Sweet Peace #28: Stretching the space between trigger and response

Mountain Meadows Reservoir

    I'm at Lake Almanor on something of a vacation, having successfully sold my RV, the chore that I came up here to do. Since I have three days to enjoy this beautiful lake and land, I'm planning to kayak one of my favorite places today. First, though, I went looking for something to eat.

In my refrigerator, which is just barely stocked because I will only be here for a few days, I found half of a two-day-old grocery store sandwich. It wasn't particularly good two days ago: a smear of turkey on a thick hunk of pasty, white bread. Definitely not gourmet or even tasty or healthy. I push it aside for the two lemon cookies leftover from last night's dinner with the neighbors. They didn't do anything except set off a cycle of eating, and once again I was rooting around in the fridge. There's that sandwich again. I'm not *really* hungry and I know that sandwich is mediocre at best, however ... 

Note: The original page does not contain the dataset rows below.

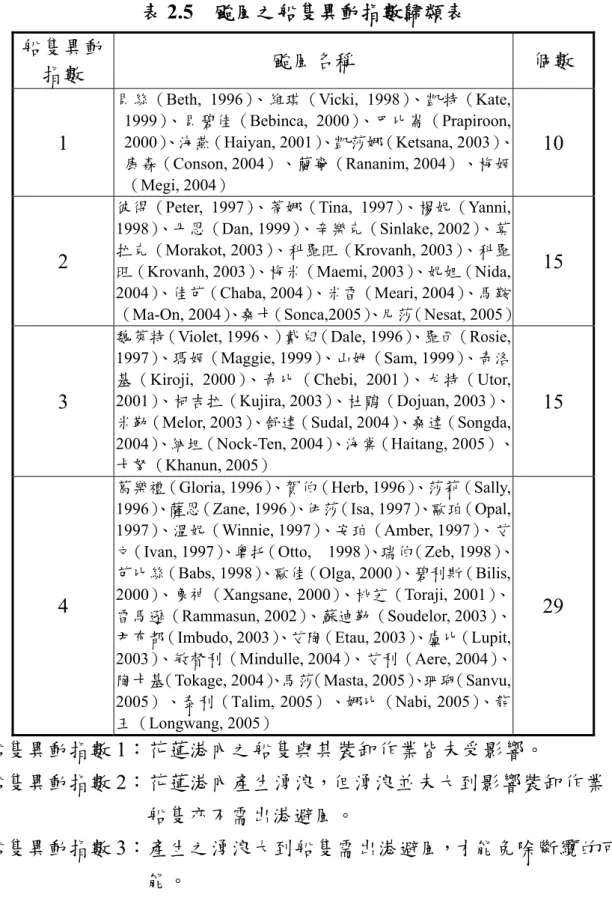 表 2.5  颱風之船隻異動指數歸類表  船隻異動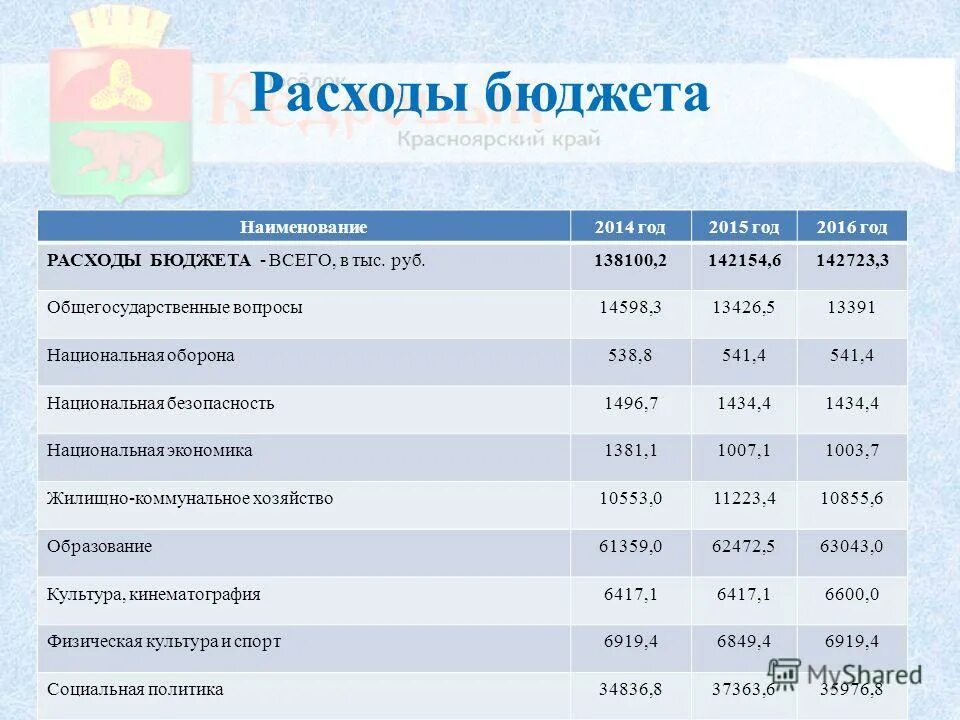 Виды расходов госбюджета. Структура доходов и расходов федерального бюджета рф. Расходы бюджета. Содержание аппарата управления. Расходы бюджета схема.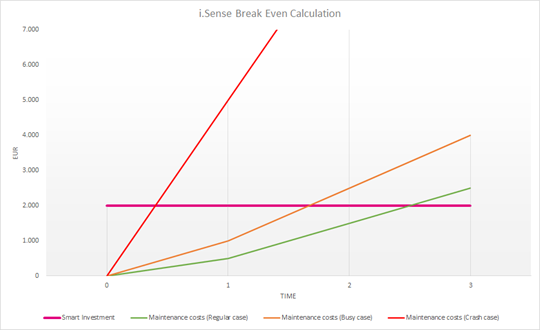 chart of i.sense break even calculations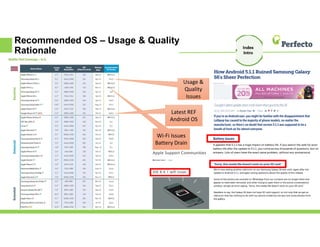 Recommended OS – Usage & Quality
Rationale
Usage &
Quality
Issues
Wi-Fi Issues
Battery Drain
Latest REF
Android OS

You probably know where this is going. I ate the sandwich, and now I'm wondering why. It was an interesting process to observe: thinking the problem was too much bread, I removed the top bread layer and slathered honey mustard on the turkey and limp lettuce. That didn’t help much, but I ate it anyway. Now, I was no longer hungry but very dissatisfied, so I fried the sandwich top in the little bit of butter I had. That left me overly full and feeling stupid for eating something that bad with no redeeming value. It occurs to me that this is like a hangover ... maybe a food-over?

Once again I wonder why? I've been here before when an unsatisfying food triggers an eating binge. An hour later I'm still overfull, lethargic, uncomfortable and unhappy with myself and decide to see if I can follow the rabbit trail that got me here. 

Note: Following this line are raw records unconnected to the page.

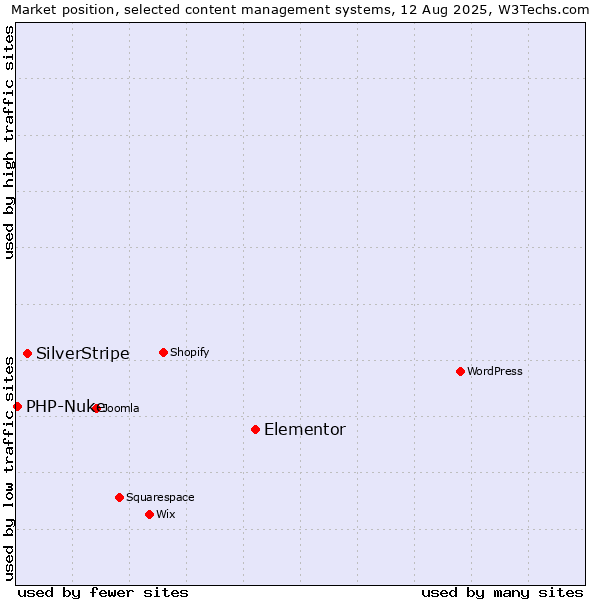 Market position of Elementor vs. SilverStripe vs. PHP-Nuke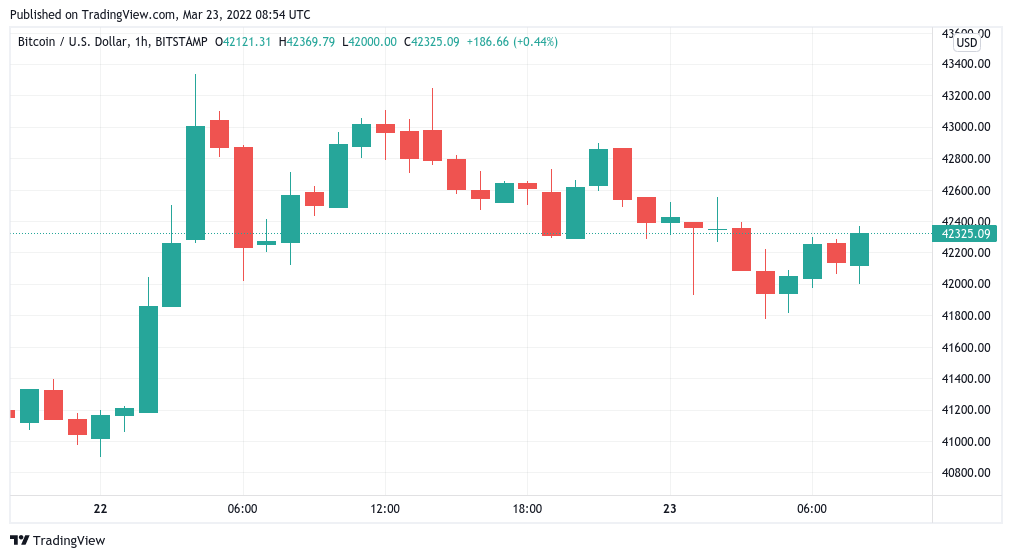 Bitcoin dips 3.6% from weekly highs — What are the key BTC price levels to watch?
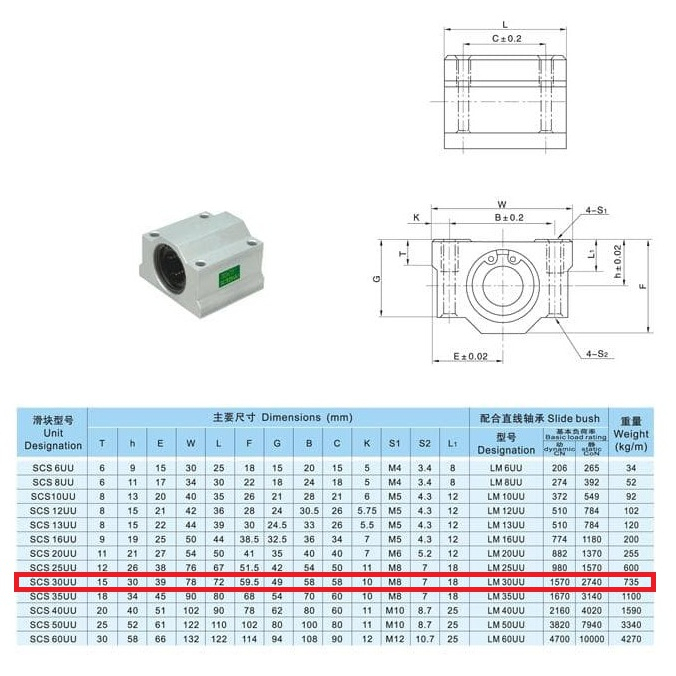 [HAEBOT] SCS30UU SCS30 Linear Ball Bearing Block Bushing 30mm CNC 3D Printer Mekanik Axis Motion CNC 3D Printer Aluminium Mesin Engraving Laser Motion Gerak Optical As Rod smooth 30 mm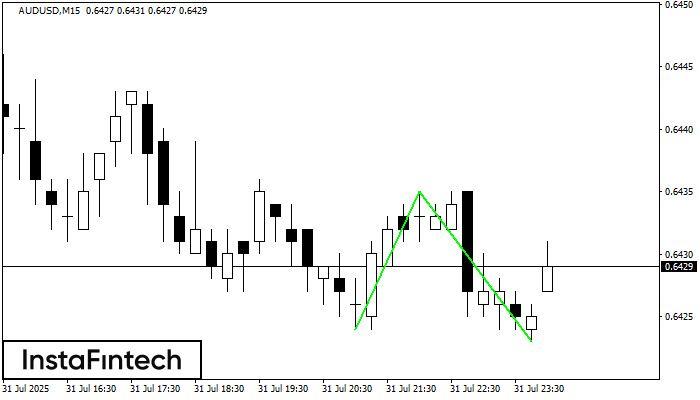 Double Bottom AUDUSD M15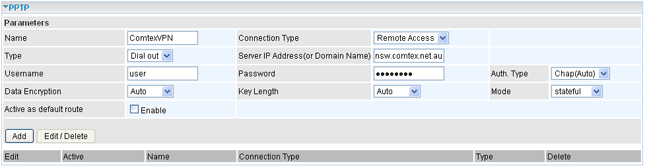 PPTP Configuration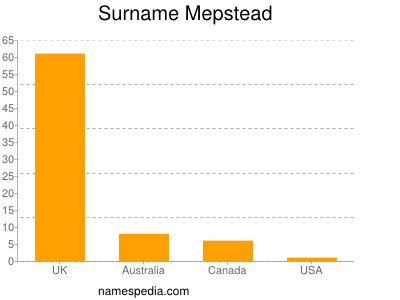 Familiennamen Mepstead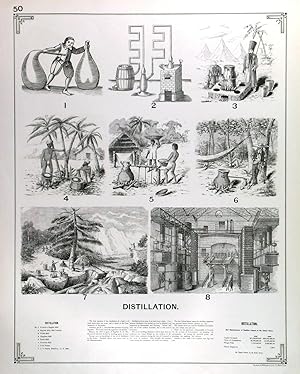 DISTILLATION. Eight illustrations from the American trades publication The Growth of Industria...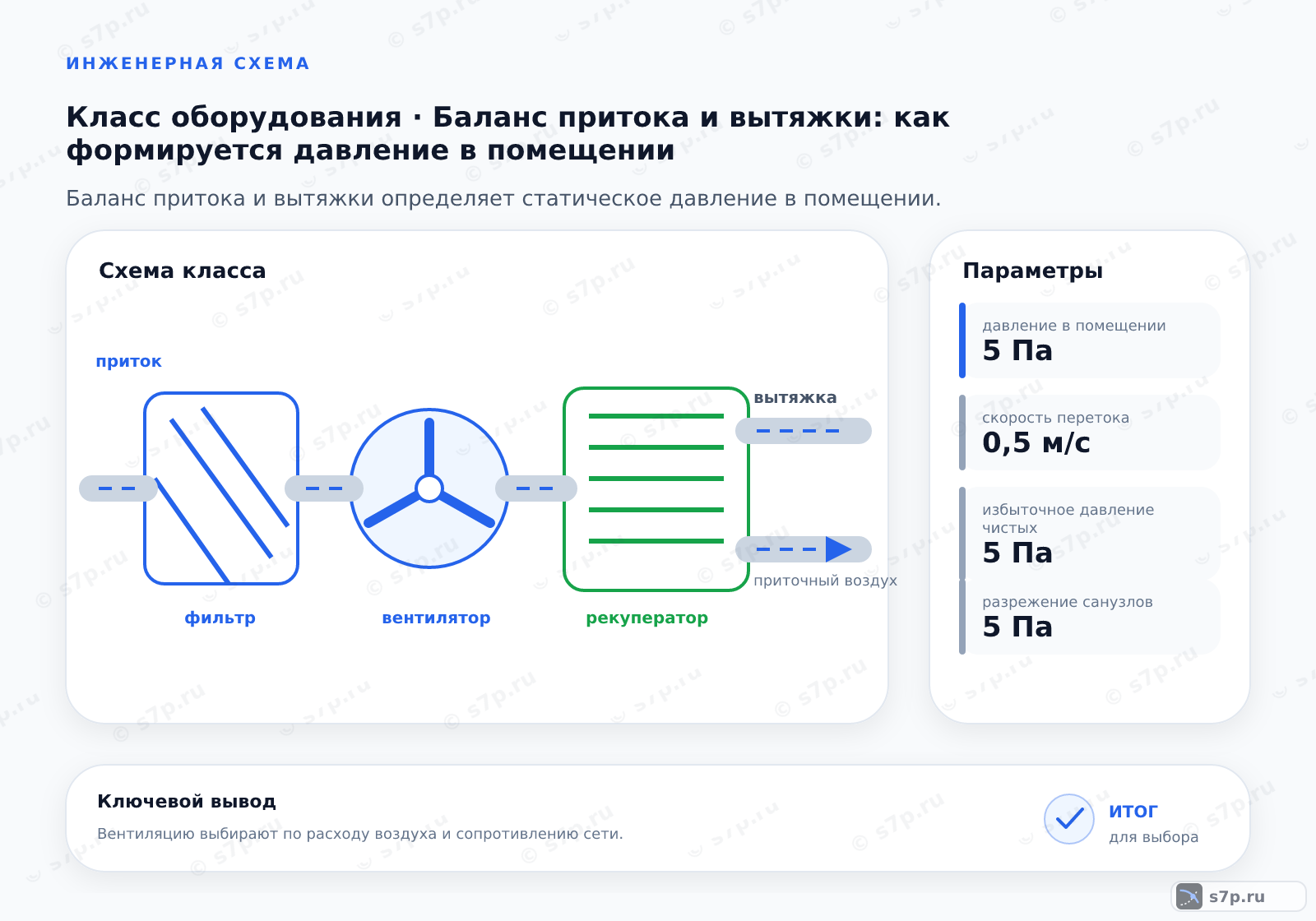 Схема класса «вентиляция» для темы «Баланс притока и вытяжки: как формируется давление в помещении»: ключевые параметры — давление в помещении — 5 Па; скорость перетока — 0,5 м/с; избыточное давление чистых — 5 Па; разрежение санузлов — 5 Па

Many years ago when I smoked, I recognized how much it was affecting my breathing ... and also saw the black lung photos going around ... so I quit. It wasn't easy, but I did it. Some years after that I stopped drinking because I hated having hangovers. Why is food so much different? The phrase that pops into my mind is "looking for love in all the wrong places."

I know that food and eating is connected to childhood triggers so there's no reason to keep gnawing on that bone. What I really want to do is to create a space between the trigger and the eating response, a way to press pause and allow room for a rational decision.

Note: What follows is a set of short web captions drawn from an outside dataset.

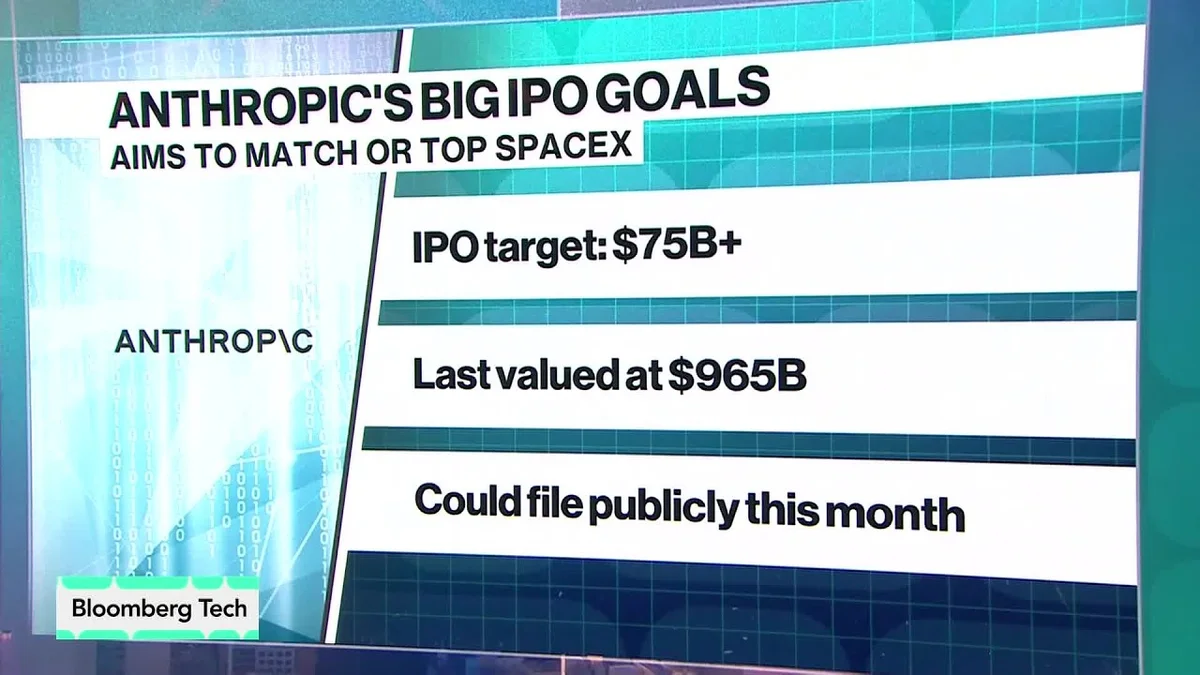 Screen graphic showing 'Anthropic's Big IPO Goals' with 'Aims to Match or Top SpaceX' and key figures like IPO target $75B+ and last valued at $965B.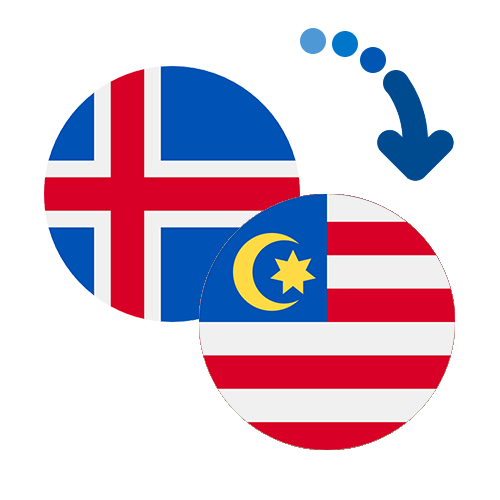 How to send money from Iceland to Malaysia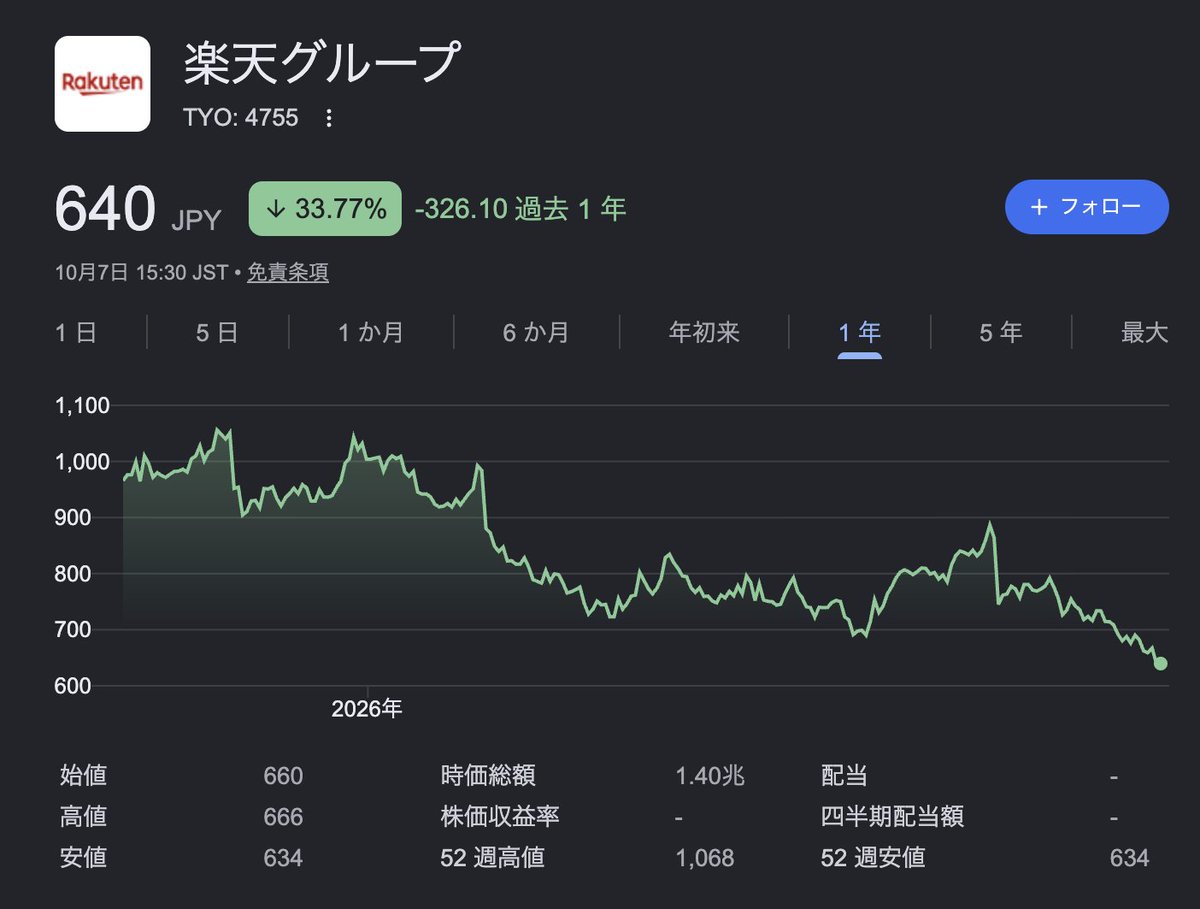 skyblue_1985jp's tweet photo. 【悲報】楽天グループ、株価が年初来安値を更新。およそ2年ぶりの低水準となりました。モバイル事業の収益懸念に加え、直近では楽天ドライブの不正アクセス問題や大手証券会社の目標株価下方修正も悪材料💦

しかし年内にはAST SpaceMobile社の衛星からプラチナバンドで日本全土をカバーする計画も控えています。電波問題に道筋が示されれば形勢逆転できるかも。モバイル事業はまさに正念場を迎えている気がします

After the sandwich fiasco, I pulled myself together and headed out for my favorite kayaking spot, about ten minutes away and opened Drafts, the simple note-taking app for my iPhone, and began to talk about what happened this morning. I’ve started recognizing triggers, although that doesn’t help much when I just ignore them. I thought maybe talking myself through these triggers would help me understand them and find ways to love myself in a more productive way than eating something which rightfully should have been thrown away. The goal is to make better decisions.

During this conversation with self, I recognized a mild sense of depression at the loss of this special place on the lake. It’s probably not stretching the metaphor too far to wonder if I was trying to fill up the empty space created by this loss with whatever food was handy, even if it was pretty awful. Writing this seems on target and I feel tears welling up. Buying this lake place was a huge step, a gift to myself, an honoring of something I’ve always wanted. Leaving it is painful even when I know the move that prompted this change was the right one for me right now. To honor this sadness, I decided to make a tribute to my time at the lake, a loving ritual of letting go.  I begin pulling photos and reliving the memories of this place.

This note was created using Drafts and then cleaned up for this post. I am making a commitment to use this process when the next triggering event happens.


  1. Profound and so full of awareness of your sad leaving feelings and joyful new beginnings in Santa Barbara. Maybe it’s the quiet serene lake you’ll be happy to
    hold on to in your memory to bring up and smile as you recall the joy of being there. Thanks for sharing Barbara

  2. Thank you for your transparent honesty. This resonated with me...profoundly.

  3. Thanks, Becky ... resonance is a gift and I so enjoy sharing it with you.